This strategy allows you to tackle the most complex derivatives by breaking them into manageable parts. In our example from the solution, applying the chain rule made it easy to handle the derivative of \( h(x) = 2^{(x^2)} \).
Understanding the chain rule is crucial for navigating through calculus smoothly whenever functions are combined into one.

An exponential function essentially is a function where the variable appears in the exponent. The general form is \( a^x \), where \( a \) is a constant and \( x \) is the variable. They are pivotal in various fields such as finance, science, and engineering due to their growth behavior.
For our specific function \( h(x) = 2^{x^2} \), we identify the base \( a = 2 \) and an exponential argument of \( x^2 \). With exponential functions, one feature is that they grow very quickly or decay rapidly, depending on whether their base is greater than or less than 1 respectively.
The derivative of an exponential function \( a^x \) with respect to \( x \) can be expressed using the formula:

• \( \frac{d}{dx}(a^x) = a^x \ln(a) \).

In our context, that formula allowed us to calculate the outer function’s derivative, \( g'(u) = 2^u \ln(2) \), which is crucial for applying the chain rule effectively.

Function composition refers to the process of applying one function to the results of another function.
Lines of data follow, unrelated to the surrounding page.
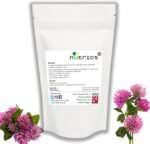 42,000mg (per Capsule) RED Clover Extract 30 V Capsules - 20% ISOFLAVONES Strong One A Day - 100% Pure - Free from fillers, Binders & Bulking Agents (30 V Capsules (1 Month Supply)) - Image 4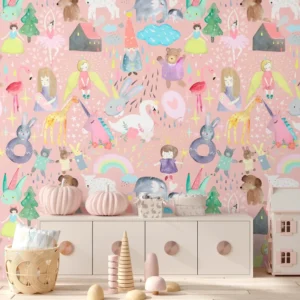 Tapeet Fun House - Kids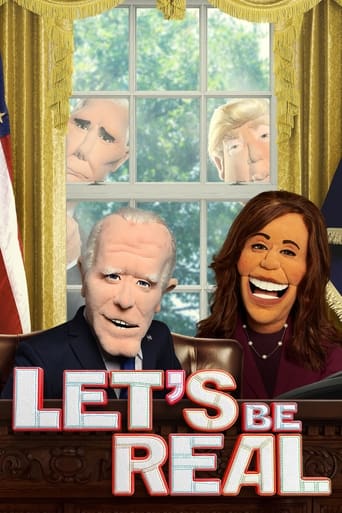 Poster of Let's Be Real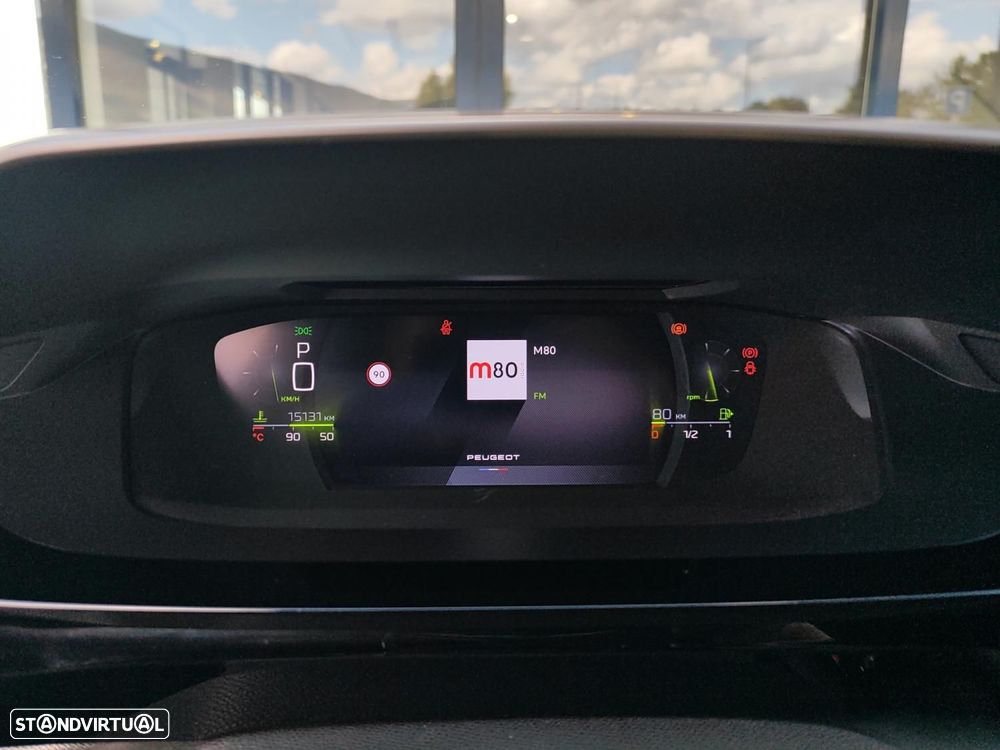 Peugeot 308 SW 1.2 PureTech GT EAT8 - 10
If you have a function \( f \) and another function \( g \), composing them yields a new function \( h(x) = g(f(x)) \). This process connects the outputs of the first function as the inputs to the second function.

• One key point in understanding function composition is to distinguish between the outer function and the inner function.
• In the example provided, \( g(u) = 2^u \) is the outer function, whereas \( f(x) = x^2 \) is the inner function.
• Composing these gives \( h(x) = 2^{(x^2)} \).

This composition is fundamental in many calculus problems since it sets the stage for using the chain rule.
Knowing how to identify and interpret function composition makes it far easier to tackle derivatives and integrals in calculus problems, such as finding \( h'(x) \) in our given example.